La frialdad del carácter acostumbra a ser un mecanismo de defensa. Se erige un muro helado para no sufrir nuevamente. La razón y la lógica responden a una perfecta estrategia de protección en cientos de ocasiones, de fingir impasibilidad y apartar de sí el padecimiento de antaño. Sin embargo, en su fuero interno persiste la ardiente llama que hace tiempo expresaba y demandaba amor y cariño.
¿Y que otra cosa aporta la mencionada frialdad?
A mi entender, brinda una falsa sensación de seguridad. Damos por hecho que somos altamente resistentes debido a la sólida estructura geométrica que construimos. Si acudimos a la inspiradora y sabia naturaleza como ejemplo, obviamos que los gigantescos, majestuosos y sublimes témpanos de hielo flotantes se desploman en el vasto océano. A lo polar nada más que lo cobija ese clima.

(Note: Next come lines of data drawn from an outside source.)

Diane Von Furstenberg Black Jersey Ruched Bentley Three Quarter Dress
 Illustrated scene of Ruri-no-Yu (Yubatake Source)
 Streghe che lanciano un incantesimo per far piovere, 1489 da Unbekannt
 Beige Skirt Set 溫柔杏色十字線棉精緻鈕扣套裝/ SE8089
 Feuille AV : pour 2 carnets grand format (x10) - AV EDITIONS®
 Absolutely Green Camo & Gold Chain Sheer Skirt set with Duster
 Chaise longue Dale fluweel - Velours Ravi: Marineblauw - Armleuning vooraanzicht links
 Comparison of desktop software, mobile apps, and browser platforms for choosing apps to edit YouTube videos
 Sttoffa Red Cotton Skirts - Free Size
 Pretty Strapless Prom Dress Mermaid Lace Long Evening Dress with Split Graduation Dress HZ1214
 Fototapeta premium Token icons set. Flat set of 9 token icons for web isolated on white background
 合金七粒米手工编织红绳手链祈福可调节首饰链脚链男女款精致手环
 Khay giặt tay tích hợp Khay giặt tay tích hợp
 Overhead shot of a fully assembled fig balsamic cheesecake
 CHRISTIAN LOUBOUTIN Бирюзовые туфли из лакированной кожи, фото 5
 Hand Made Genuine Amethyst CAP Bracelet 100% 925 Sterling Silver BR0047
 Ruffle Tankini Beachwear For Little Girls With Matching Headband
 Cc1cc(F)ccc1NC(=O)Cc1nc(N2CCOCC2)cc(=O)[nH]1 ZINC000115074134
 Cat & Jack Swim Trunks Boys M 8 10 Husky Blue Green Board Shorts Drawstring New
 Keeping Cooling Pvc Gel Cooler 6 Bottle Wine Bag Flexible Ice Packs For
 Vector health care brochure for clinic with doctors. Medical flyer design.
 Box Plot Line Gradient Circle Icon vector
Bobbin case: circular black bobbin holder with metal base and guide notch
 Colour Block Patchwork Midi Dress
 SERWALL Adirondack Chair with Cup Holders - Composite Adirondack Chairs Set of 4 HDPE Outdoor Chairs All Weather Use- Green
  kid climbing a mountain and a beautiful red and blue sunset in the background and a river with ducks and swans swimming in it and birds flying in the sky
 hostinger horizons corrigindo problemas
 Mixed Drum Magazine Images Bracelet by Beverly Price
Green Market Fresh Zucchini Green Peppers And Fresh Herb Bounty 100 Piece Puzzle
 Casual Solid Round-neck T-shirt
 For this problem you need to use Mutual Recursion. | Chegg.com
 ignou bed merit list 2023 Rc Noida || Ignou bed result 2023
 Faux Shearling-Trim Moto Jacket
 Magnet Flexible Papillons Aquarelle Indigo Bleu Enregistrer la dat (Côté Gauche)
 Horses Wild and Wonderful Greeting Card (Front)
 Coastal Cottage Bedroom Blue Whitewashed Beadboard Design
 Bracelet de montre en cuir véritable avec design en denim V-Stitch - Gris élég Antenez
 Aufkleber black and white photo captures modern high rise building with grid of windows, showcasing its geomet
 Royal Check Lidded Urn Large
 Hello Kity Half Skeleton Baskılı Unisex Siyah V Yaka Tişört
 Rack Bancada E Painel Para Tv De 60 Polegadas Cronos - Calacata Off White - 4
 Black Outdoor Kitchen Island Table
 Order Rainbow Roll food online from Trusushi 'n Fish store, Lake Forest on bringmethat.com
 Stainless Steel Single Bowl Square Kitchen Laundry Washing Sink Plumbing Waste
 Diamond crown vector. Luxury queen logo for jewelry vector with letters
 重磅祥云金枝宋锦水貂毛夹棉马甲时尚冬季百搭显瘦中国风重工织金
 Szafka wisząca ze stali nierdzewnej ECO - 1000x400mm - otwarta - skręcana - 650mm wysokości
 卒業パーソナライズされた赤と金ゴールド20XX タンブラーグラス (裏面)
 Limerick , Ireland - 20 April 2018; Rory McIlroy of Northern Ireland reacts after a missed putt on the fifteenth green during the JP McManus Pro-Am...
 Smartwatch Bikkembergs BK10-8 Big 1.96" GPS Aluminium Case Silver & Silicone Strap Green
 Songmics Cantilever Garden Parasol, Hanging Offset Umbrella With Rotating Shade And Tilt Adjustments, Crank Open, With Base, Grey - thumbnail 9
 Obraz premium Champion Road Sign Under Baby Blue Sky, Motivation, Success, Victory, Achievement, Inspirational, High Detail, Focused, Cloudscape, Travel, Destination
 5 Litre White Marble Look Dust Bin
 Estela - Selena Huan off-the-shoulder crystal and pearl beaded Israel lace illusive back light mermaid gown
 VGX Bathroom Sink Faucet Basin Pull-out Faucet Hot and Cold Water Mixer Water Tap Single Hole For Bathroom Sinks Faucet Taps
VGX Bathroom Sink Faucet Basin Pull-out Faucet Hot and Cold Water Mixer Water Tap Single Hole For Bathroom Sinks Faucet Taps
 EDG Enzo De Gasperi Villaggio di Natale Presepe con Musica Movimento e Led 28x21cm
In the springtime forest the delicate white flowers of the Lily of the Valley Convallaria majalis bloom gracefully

En otras palabras, lo polar es prisionero de sí, de su quietismo [está atrapado en esa estructura-cárcel glacial] y pesantez, e incapaz de quebrar dicha jaula y desplazarse a otras latitudes o regiones ¿ventaja? Lo dudo. Por el contrario, a la naturaleza gélida le invade la impotencia de saber que su aparente invencibilidad es como el vapor de agua de una cascada elevado hacia el vacío fantasmal, o bien un fugaz y escurridizo arcoíris.